HETANEWS.com - Amerika Serikat sedang membangun bom nuklir besar-besaran yang 24 kali lebih kuat daripada yang dijatuhkan di Jepang selama Perang Dunia II.

Melansir dari Fox News, Departemen Pertahanan AS, Pentagon sedang mencari persetujuan Kongres untuk program tersebut, yang bertujuan untuk membangun “varian modern dari bom gravitasi nuklir B61, yang akan diberi nama B61-13.”

“Pengumuman hari ini mencerminkan perubahan lingkungan keamanan dan meningkatnya ancaman dari musuh potensial,” kata Asisten Menteri Pertahanan untuk Kebijakan Luar Angkasa John Plumb dalam rilisnya.

“Amerika Serikat memiliki tanggung jawab untuk terus menilai dan menggunakan kemampuan yang kita perlukan untuk mencegah dan, jika perlu, merespons serangan strategis, dan meyakinkan sekutu kita,” ujarnya.

Pentagon terlihat dari penerbangan yang lepas landas dari Bandara Nasional Ronald Reagan Washington di Arlington, Virginia. Foto: Alex Wong/Getty Images

Seberapa kuatkah B61-13?

Bom baru tersebut akan memiliki hasil maksimal 360 kiloton. Sebagai gambaran, bom yang dijatuhkan di Hiroshima berkekuatan 15 kiloton. B61-13 juga akan berukuran sekitar 14 kali lebih besar dari bom yang dijatuhkan di Nagasaki, yaitu 25 kiloton.

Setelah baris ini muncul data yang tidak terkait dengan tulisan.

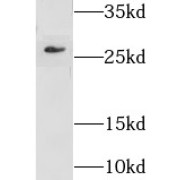 WB analysis of mouse testis tissue, using GSTM5 antibody (1/1000 dilution).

Menurut lembar fakta yang dirilis oleh Pentagon, bom baru yang kuat ini juga akan “mencakup fitur keselamatan, keamanan, dan akurasi modern dari B61-12.”

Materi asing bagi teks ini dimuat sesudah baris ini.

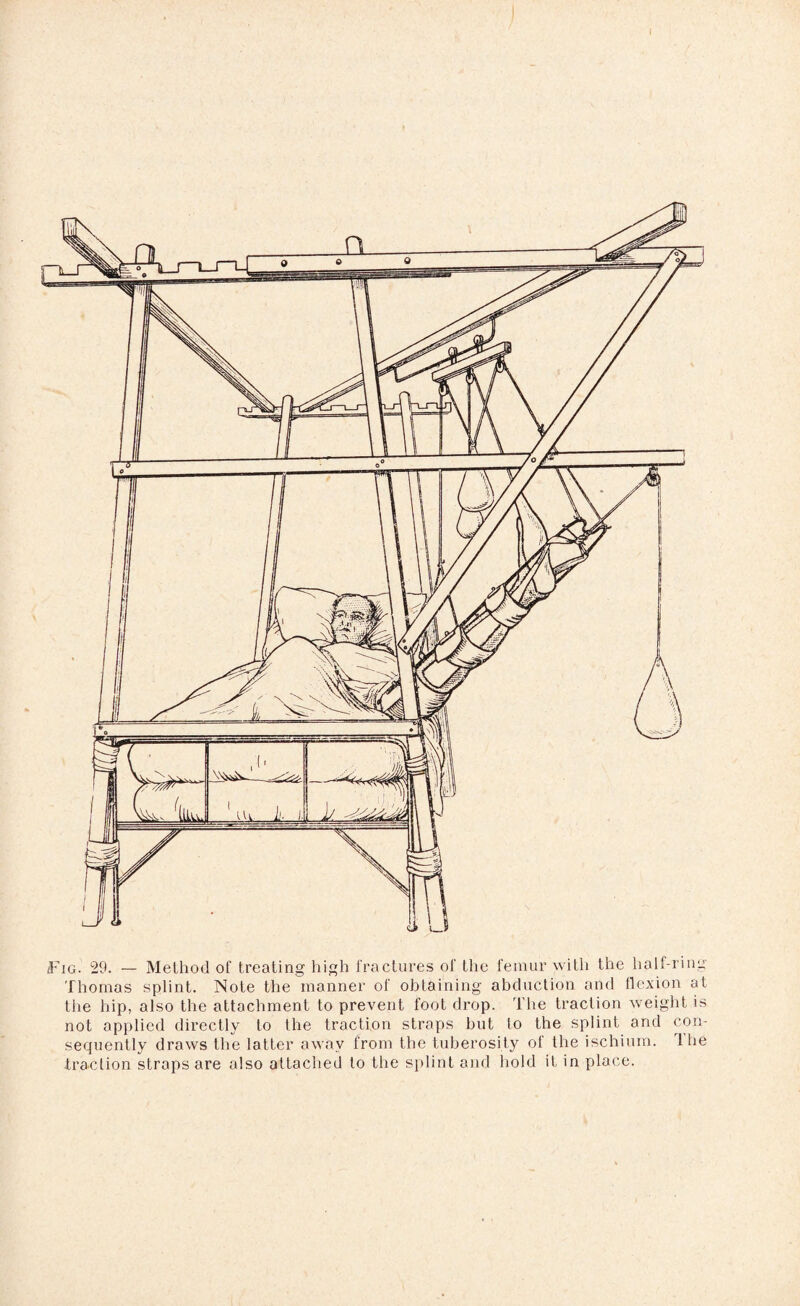 Fig. 29. — Method of treating high fractures of the femur with the half-ring Thomas splint. Note the manner of obtaining abduction and flexion at the hip, also the attachment to prevent foot drop. The traction weight is not applied directly to the traction straps but to the splint and con¬ sequently draws the latter away from the tuberosity ol the ischium, lhe traclion straps are also attached to the splint and hold it in place.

Dimana bom itu akan digunakan?

Pesawat modern dan catatan peluncuran akan mampu mengirimkan bom baru, memberikan presiden AS pilihan baru untuk menyerang musuh dan memperluas sasaran militer dengan lebih keras.

Jika disetujui, bom tersebut akan menggantikan beberapa B61-7 yang saat ini ada di timbunan nuklir AS, alih-alih menambah jumlah total stok.

“B61-13 mewakili langkah yang masuk akal untuk mengelola tantangan lingkungan keamanan yang sangat dinamis,” kata Plumb.

“Meskipun hal ini memberi kita fleksibilitas tambahan, produksi B61-13 tidak akan meningkatkan jumlah keseluruhan senjata dalam persediaan nuklir kita,” tambahnya.

Meningkatnya ketegangan dengan Tiongkok dan Rusia

Perkembangan ini terjadi di tengah meningkatnya ketegangan dengan Rusia dan Tiongkok mengenai isu perjanjian larangan uji coba nuklir, yang disebut 'Perjanjian Larangan Uji Coba Nuklir Komprehensif'.

Rusia, awal bulan ini, menarik ratifikasi perjanjian tersebut, membuka jalan bagi negara tersebut untuk melakukan uji coba nuklir.

Awal bulan ini, AS juga melakukan eksperimen dengan daya ledak tinggi di lokasi uji coba nuklir di Nevada, yang semakin memicu ketegangan antara kedua kekuatan tersebut.

Menurut para pejabat AS, uji coba tersebut dimaksudkan untuk memajukan "usaha kami mengembangkan teknologi baru guna mendukung tujuan nonproliferasi nuklir AS."